Multispecies sustainability: a new definition
The sustainability concept in its current form suffers from reductionism. The common interpretation of ‘meeting the needs of the present without compromising the ability of future generations to meet their own needs’ fails to explicitly recognize their interdependence with needs of current and future non-human generations. In our initial paper in Global Sustainability, we argue together with our group of nineteen colleagues that the focus of sustainability on human well-being – a purely utilitarian view of nature as a resource for humanity – limits its conceptual and analytical power, as well as real-world sustainability transformation efforts.

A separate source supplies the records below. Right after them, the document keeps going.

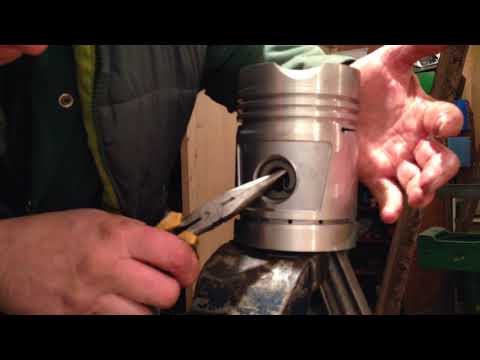 1940/41 John Deere B tractor restoration pt 52 ( piston ring and Conrod to piston installation)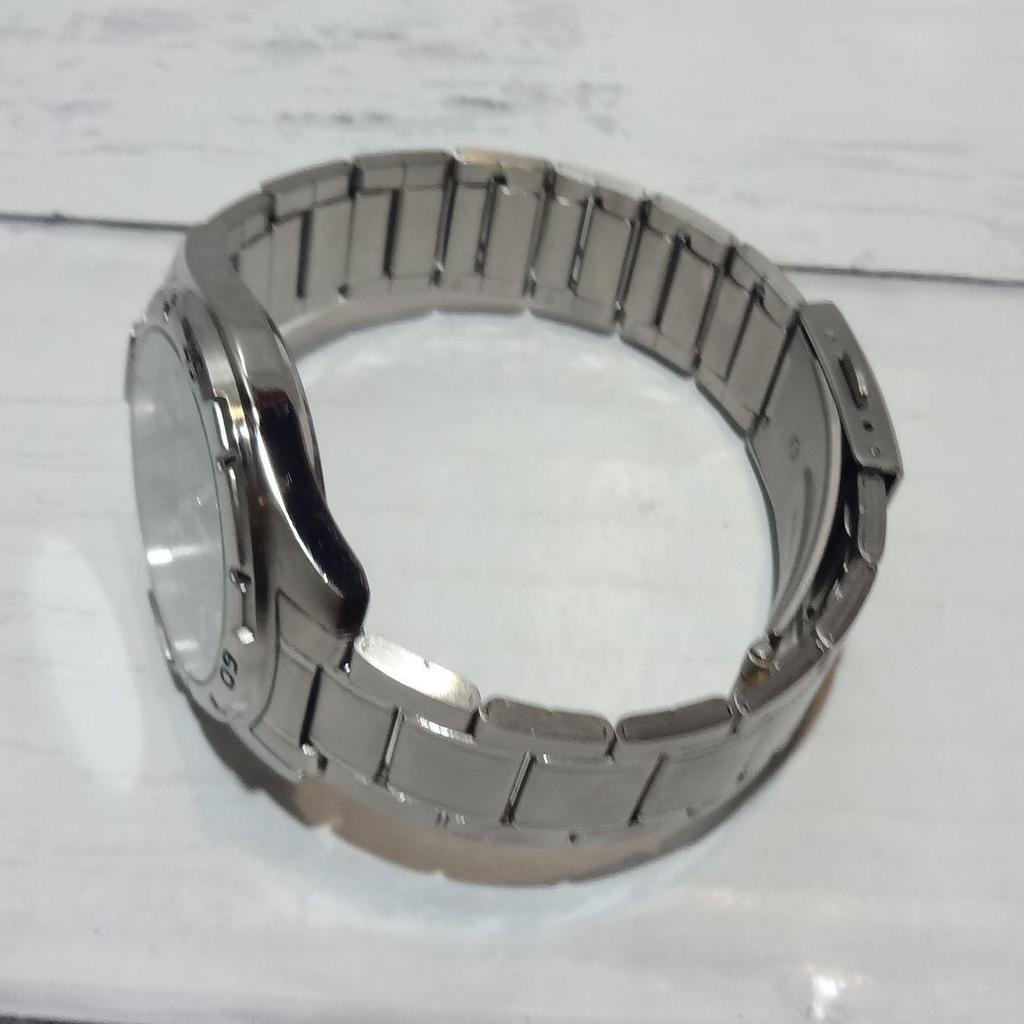 Б/у Простые аналоговые часы CASIO MTP-1244 Новая батарейка Работают хорошо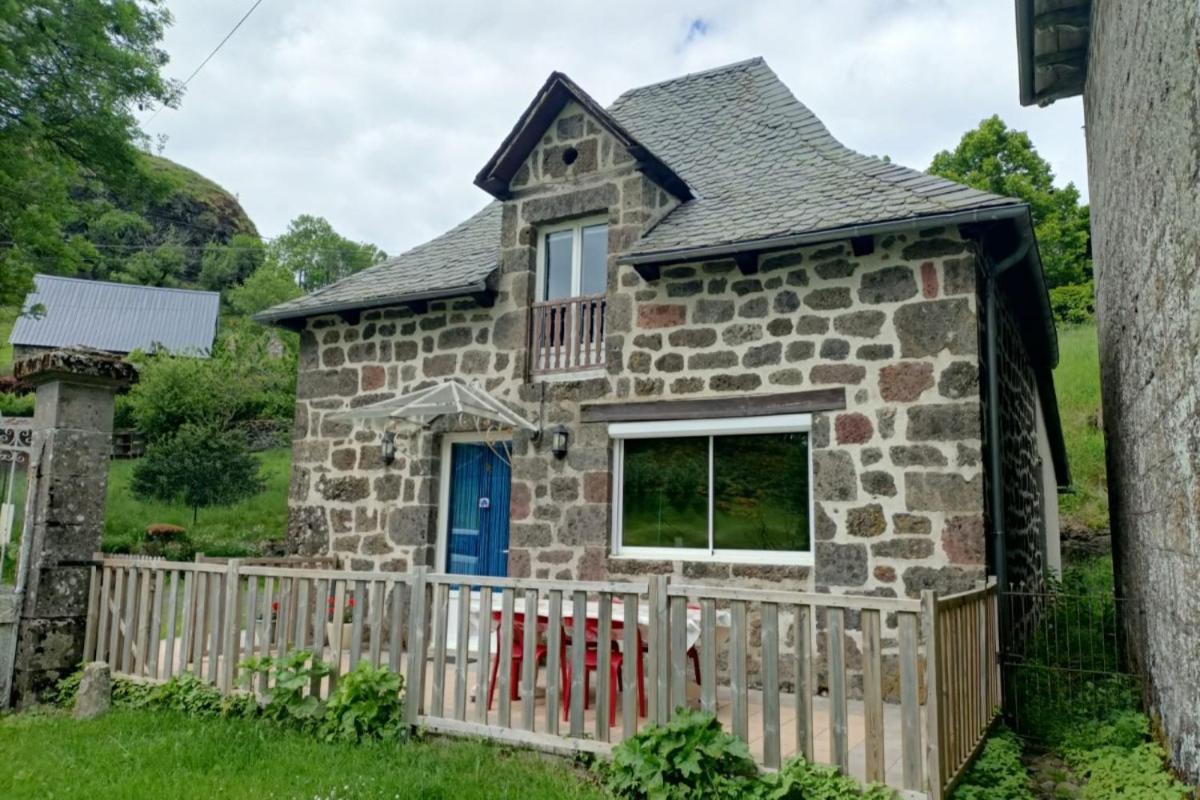 Gite 4 Personnes Dans Le Cantal Animaux Bienvenus Lascelle Exterior foto
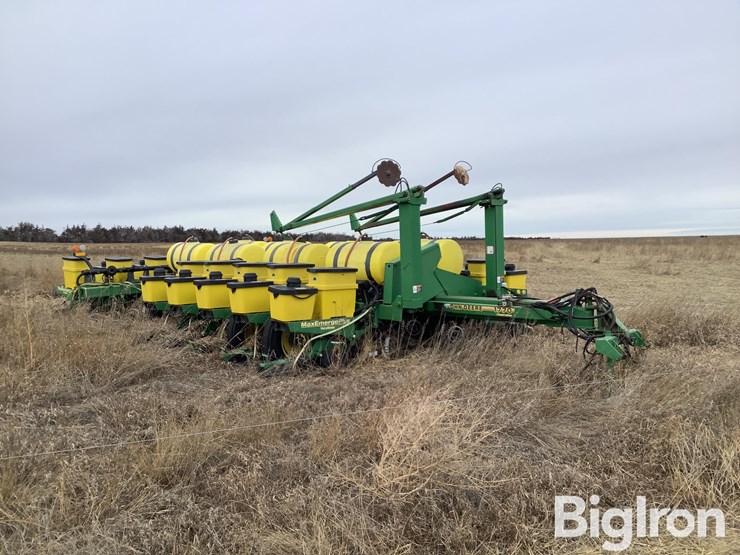 2001-john-deere-1770-image-3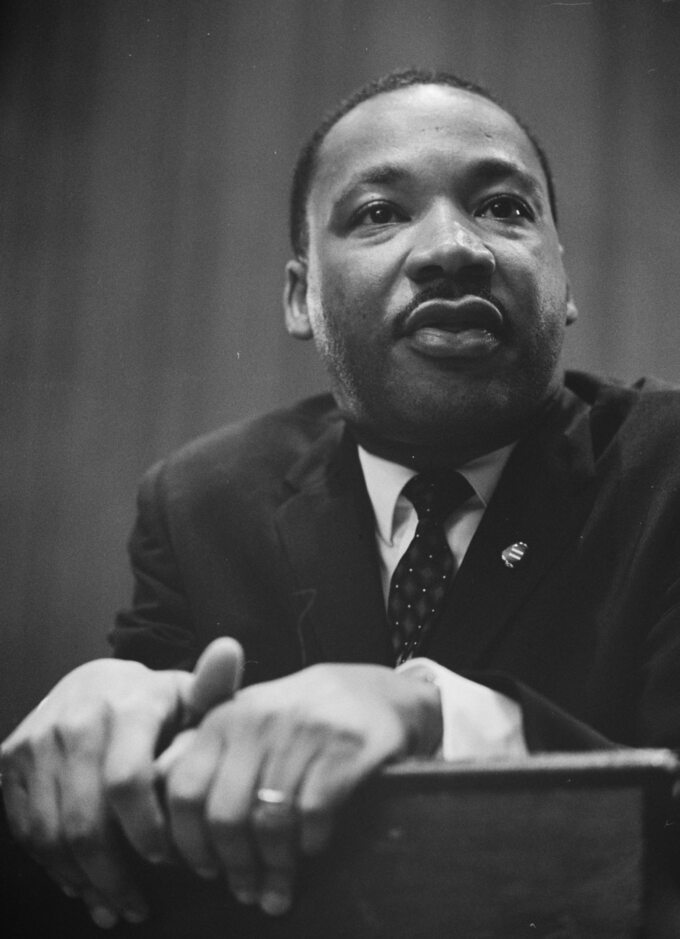 Martin Luther King podczas konferencji prasowej, 1964 r.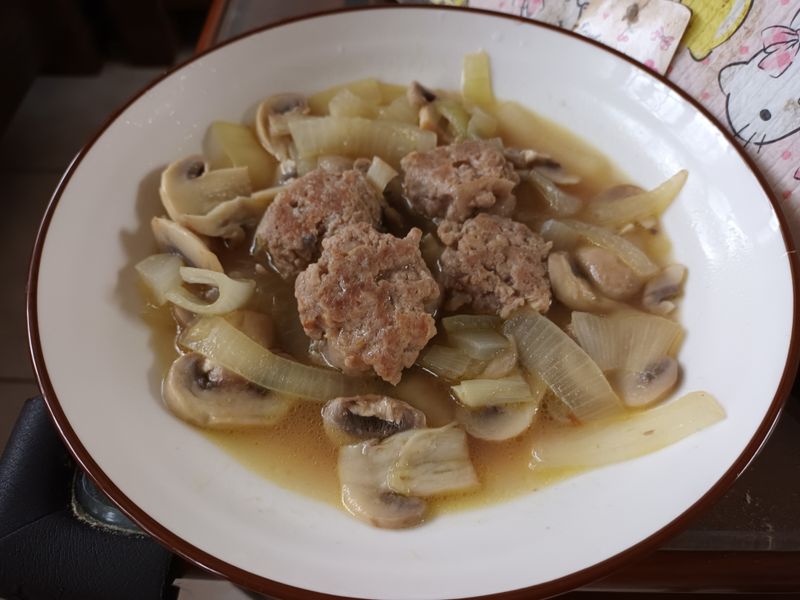 咖哩肉丸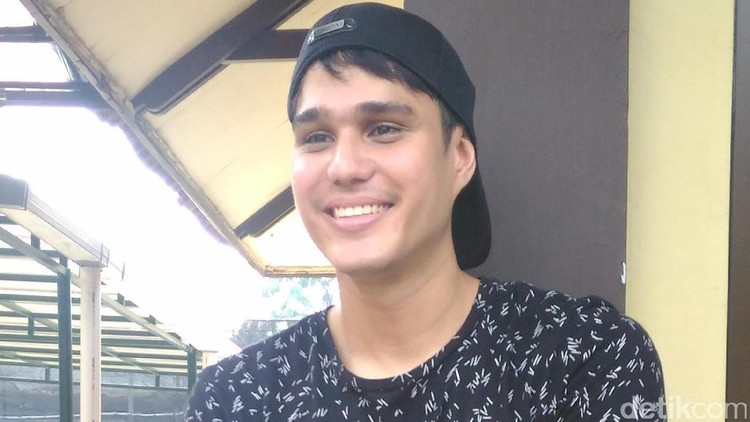 Mischa Chandrawinata cukup sering traveling bareng keluarga. Berbagai manfaat pun dia dapat.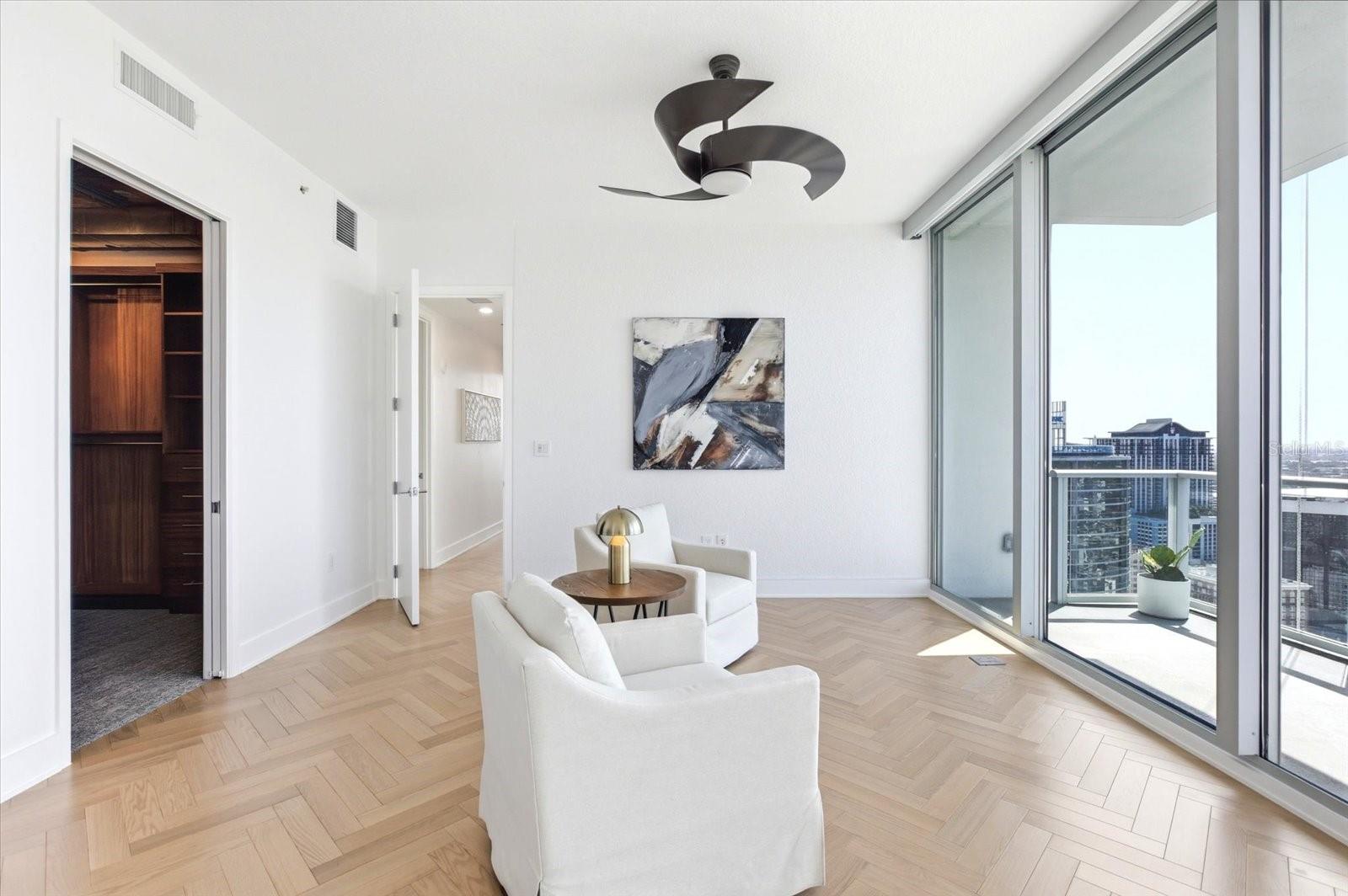 Image 26 of 47 For 150 Robinson Street 30c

We propose a broadened concept of ‘multispecies sustainability’ by acknowledging interdependent needs of multiple species’ current and future generations. We develop the concept in three steps: (1) discussing normative aspects, fundamental principles underlying the concept, and potential visual models, (2) showcasing radically diverging futures emerging from a scenario thought experiment based on the axes sustainable-unsustainable and multispecies-anthropocentric, and (3) exploring how multispecies sustainability can be applied to research and policy-making through two case studies (a multispecies stakeholder framework and the Healthy Urban Microbiome Initiative).
Here’s our proposed, preliminary definition:
Multispecies sustainability means meeting the diverse, changing, interdependent, and irreducibly inseparable needs of all species of the present, while enhancing the ability of future generations of all species to meet their own needs.Rupprecht et al, 2020, Global Sustainability
We see our new proposed definition of “multispecies sustainability” as the start of a long-term re-evaluation of sustainability theory, and hope to develop it into a strong and useful concept that also lends itself to operationalization.
Visual model of multispecies sustainability focused on interdependence. Elements depend on those containing them, and are affected by those they contain.
Visual model of multispecies sustainability emphasizing shared agency in shaping the earth system.